Bristol-led consortium granted £12m for 6G research
News

Bristol-led consortium granted £12m for 6G research

CETI 6G stock.jpg

Bristol University is leading a new 6G R&D consortium that has been granted £12 million and involves the likes of Samsung, Ericsson and Nokia.

The project aims to bring together key stakeholders from the R&D supply chain, developing a roadmap for open 6G networks which will set a framework for new developments across the industry.

“Our project, REASON, is engaging a consortium of partners representing the entire telecoms R&D ecosystem, including leading UK Universities, large equipment vendors, service and content providers and innovative SMEs,” said project lead professor Dimitra Simeonidou of Bristol’s department of electrical and electronic engineering.

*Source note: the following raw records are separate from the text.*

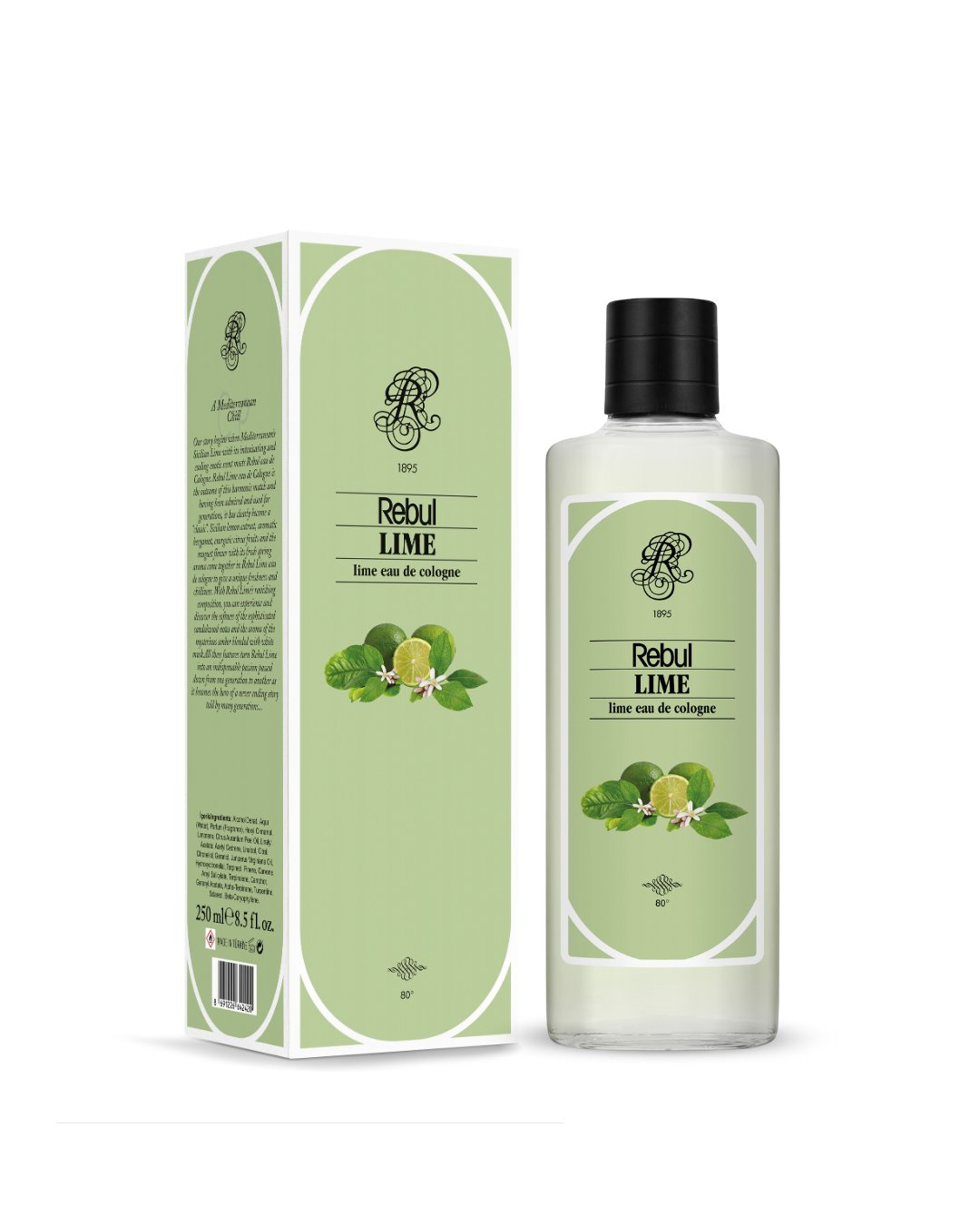 Rebul Lime EDC Kolonya 250 ml Cam Şişe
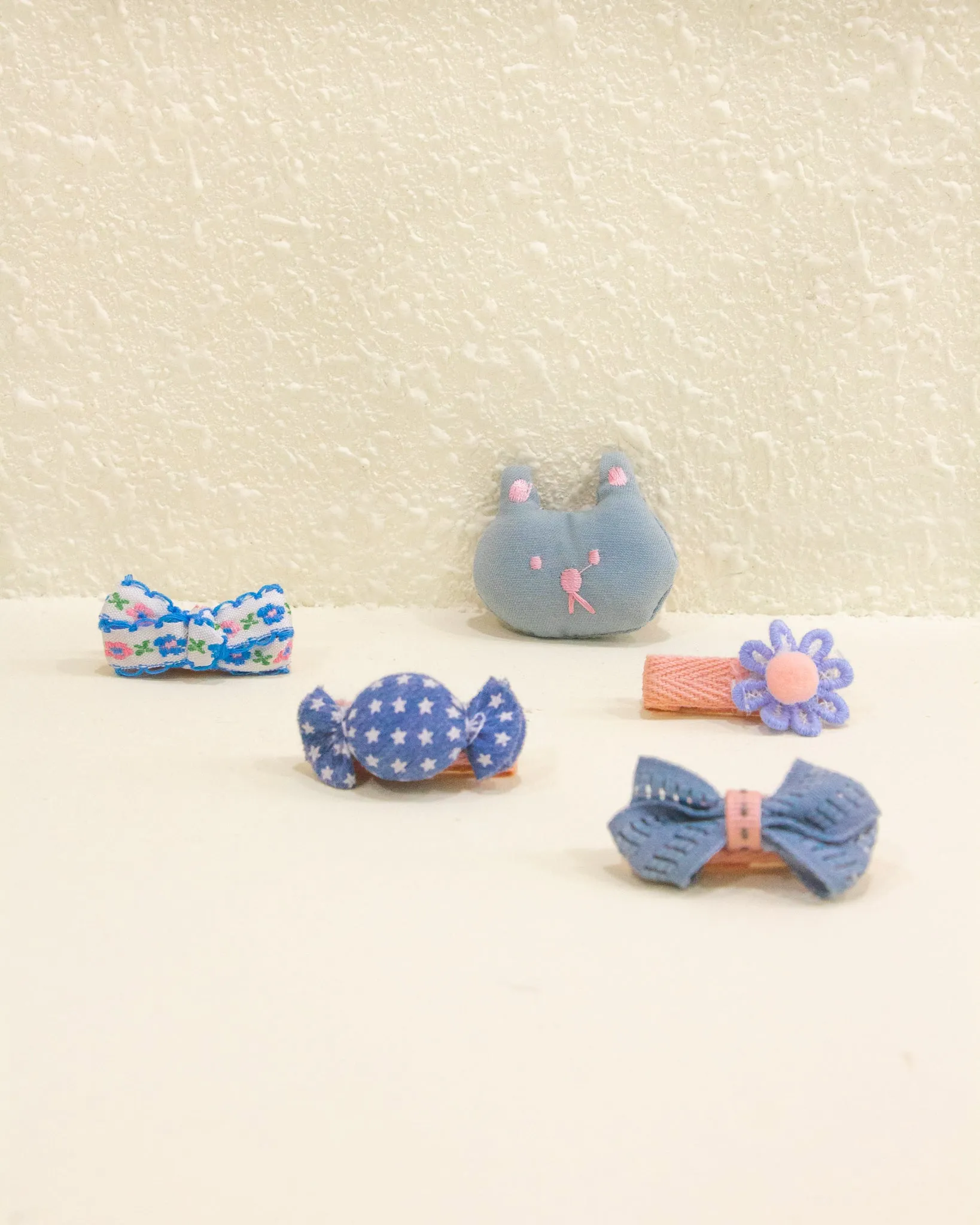 Bunny Hair Pins Set (Blue)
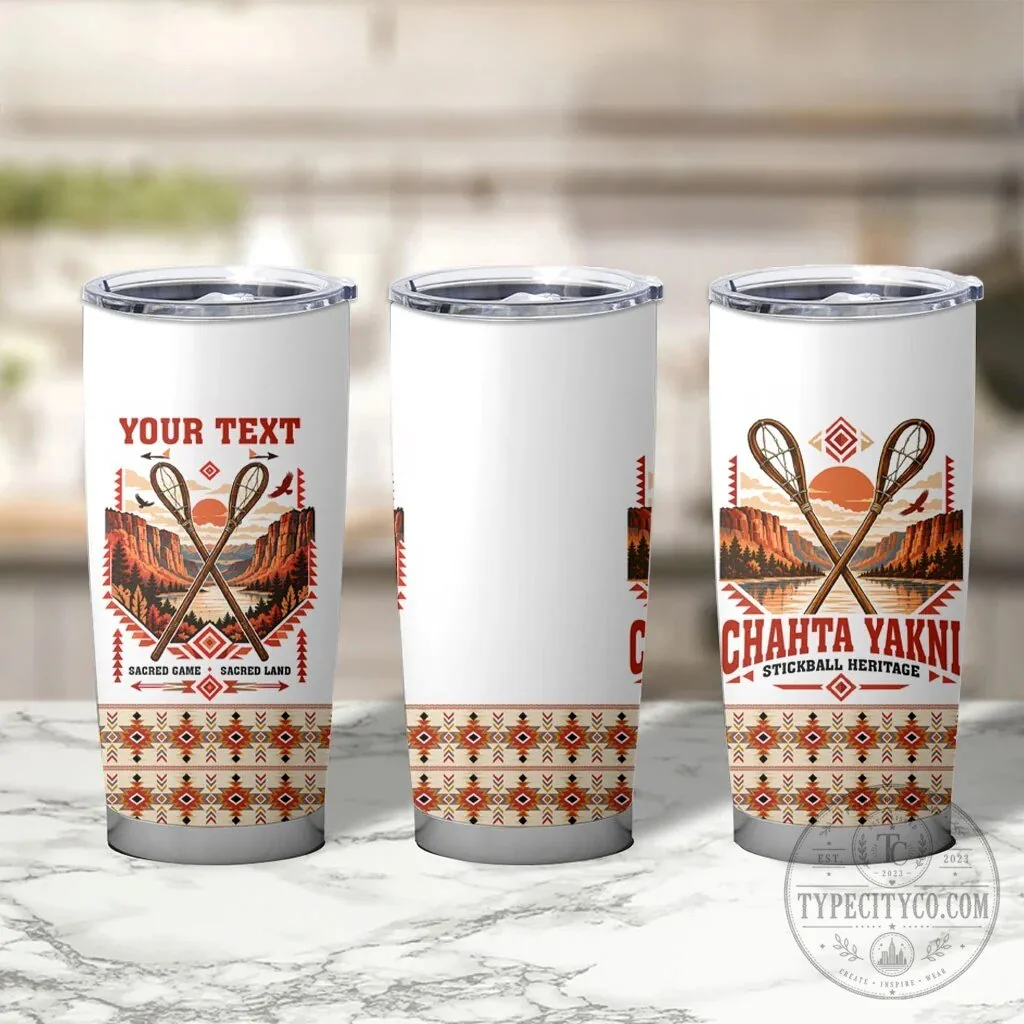 Chahta Yakni Stickball Heritage Native American Tribal Landscape Tumbler 12 Chahta Yakni Stickball Heritage Native American Tribal Landscape Tumbler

“REASON will address key technological challenges of delivering End-to-End Open Network solutions, considering all segments of the network.

“The project will pursue breakthroughs on elevating bottlenecks of current systems, such as interoperability, agility, sustainability, resilience, security, and will position UK-born technologies as candidates for delivering future solutions.”

The project is part of a wider £110 scheme curated by the UK government to boost 6G R&D while accelerating the deployment of Open RAN.

Weaver Labs, the Web3 startup is part of the consortium. Maria Lema its co-founder said: “Weaver Labs is committed to breaking down silos in the telco sector and opening the marketplace back up to new owners of infrastructure - to achieve this it’s important to foster collaboration.

“With this in mind, we’re proud to be leading on the project’s cybersecurity strategy (which includes governance and risk assessment) and working with some of the world’s biggest telco vendors and institutions in order to drive real world impact.”